I know nothing about coding, but if there is a bog difference between the two, i would wait.
 

Virtualball

macrumors 6502
Jun 5, 2006
401
11
Learn Xcode 2 because Xcode 3 is the same thing with more frameworks and stuff. It all works the same.
 

slooksterPSV

macrumors 68040
Apr 17, 2004
3,543
305
Nowheresville
XCode 3, in my opinion, seems to take out some of the functionality that you had wiwth XCode 2, for example, instead of creating a header class within Interface builder, you make it yourself, add the specific that you want, then link it in Interface builder, IB won't make the files for you, you have to and decide where they link up to. The interface has been completely changed, and you'll see that in Leopard. In short, it's always useful to know the previous versions before the newer versions. It's like with Windows 95 to 98, I noticed a lot of differences, but if I would have went to 98 down to 95, I would have been asking, where's this at? Why isn't this here? So if you learn about what you have then look at the new features, it makes it easier to cross-over to one another.
 

ghall

macrumors 68040
Original poster
Jun 27, 2006
3,771
1
Rhode Island
XCode 3, in my opinion, seems to take out some of the functionality that you had wiwth XCode 2, for example, instead of creating a header class within Interface builder, you make it yourself, add the specific that you want, then link it in Interface builder, IB won't make the files for you, you have to and decide where they link up to. The interface has been completely changed, and you'll see that in Leopard. In short, it's always useful to know the previous versions before the newer versions. It's like with Windows 95 to 98, I noticed a lot of differences, but if I would have went to 98 down to 95, I would have been asking, where's this at? Why isn't this here? So if you learn about what you have then look at the new features, it makes it easier to cross-over to one another.

So in short, I should just jump in and learn Xcode 2, then catch up with Xcode 3?
 

brandon6684

Guest
Dec 30, 2002
538
0
So in short, I should just jump in and learn Xcode 2, then catch up with Xcode 3?

I can't see any reason to wait. Sure there will be some changes, but they will be evolutionary, not revolutionary. You'll just be learning allong with the rest of the developers when Xcode 3 comes out.
 

mduser63

macrumors 68040
Nov 9, 2004
3,042
31
Salt Lake City, UT
As a fairly heavy XCode (2) user, there's nothing in what I've seen in XCode 3 that makes me think it's going to be radically different. There are a bunch of things that I think are going to be really nice, but nothing that makes me think I'm going to really have to relearn anything, just new features.

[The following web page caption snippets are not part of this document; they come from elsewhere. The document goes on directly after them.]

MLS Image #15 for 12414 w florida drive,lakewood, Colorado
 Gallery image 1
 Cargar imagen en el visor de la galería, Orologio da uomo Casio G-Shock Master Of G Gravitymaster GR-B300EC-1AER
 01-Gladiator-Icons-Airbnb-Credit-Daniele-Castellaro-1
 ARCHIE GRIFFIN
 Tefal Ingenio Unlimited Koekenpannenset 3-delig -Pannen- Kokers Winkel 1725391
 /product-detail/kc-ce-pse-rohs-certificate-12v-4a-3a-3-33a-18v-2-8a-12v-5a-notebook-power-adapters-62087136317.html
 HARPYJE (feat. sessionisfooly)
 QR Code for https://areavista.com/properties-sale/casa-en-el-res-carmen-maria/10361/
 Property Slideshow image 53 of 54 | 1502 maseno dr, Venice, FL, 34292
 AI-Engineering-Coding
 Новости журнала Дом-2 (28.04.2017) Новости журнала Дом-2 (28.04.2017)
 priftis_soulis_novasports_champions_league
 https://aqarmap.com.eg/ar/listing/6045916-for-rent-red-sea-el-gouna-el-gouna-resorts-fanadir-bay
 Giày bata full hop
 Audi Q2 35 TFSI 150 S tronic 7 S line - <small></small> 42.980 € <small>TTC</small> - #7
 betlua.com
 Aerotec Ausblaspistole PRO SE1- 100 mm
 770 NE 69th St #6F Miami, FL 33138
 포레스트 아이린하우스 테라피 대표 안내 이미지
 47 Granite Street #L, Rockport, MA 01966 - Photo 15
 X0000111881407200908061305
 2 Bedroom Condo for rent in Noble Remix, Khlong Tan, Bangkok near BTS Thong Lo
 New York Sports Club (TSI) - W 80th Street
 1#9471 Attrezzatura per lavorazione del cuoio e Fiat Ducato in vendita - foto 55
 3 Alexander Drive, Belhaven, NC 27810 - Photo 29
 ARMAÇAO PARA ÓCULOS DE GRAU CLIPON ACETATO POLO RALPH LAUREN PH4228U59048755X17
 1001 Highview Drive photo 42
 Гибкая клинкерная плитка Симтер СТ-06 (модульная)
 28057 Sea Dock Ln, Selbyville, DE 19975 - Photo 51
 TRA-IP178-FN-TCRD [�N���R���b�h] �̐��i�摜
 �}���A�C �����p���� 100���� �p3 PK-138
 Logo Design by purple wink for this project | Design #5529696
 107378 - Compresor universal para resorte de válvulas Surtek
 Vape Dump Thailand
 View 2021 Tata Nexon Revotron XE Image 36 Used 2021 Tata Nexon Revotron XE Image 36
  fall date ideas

As for the comments regarding making header files manually vs. in Interface Builder, I always make header files manually anyway, as I find it easier and faster than trying to use IB to deal with them. So that's not a change for me anyway. Besides, IB is only used for adding outlets and actions to classes, not for adding hard-coded instance and class variables which you've always had to do manually. If you can add instance and class variables manually, you can certainly add IBOutlets and IBActions manually.
 

Eraserhead

macrumors G4
Nov 3, 2005
10,434
12,250
UK
If you can add instance and class variables manually, you can certainly add IBOutlets and IBActions manually.

You certainly can, I do it all the time like that. You then use "read AppController.h" to get it back into Interface Builder.

Also definitely learning Xcode 2 now has a point, I think Xcode 3 looks very cool, but it isn't going to take anything away.

Also learning Xcode 3 will probably be better with a new version of the books, which will take a fair while to come out so learning Xcode 2 is probably more sensible ;).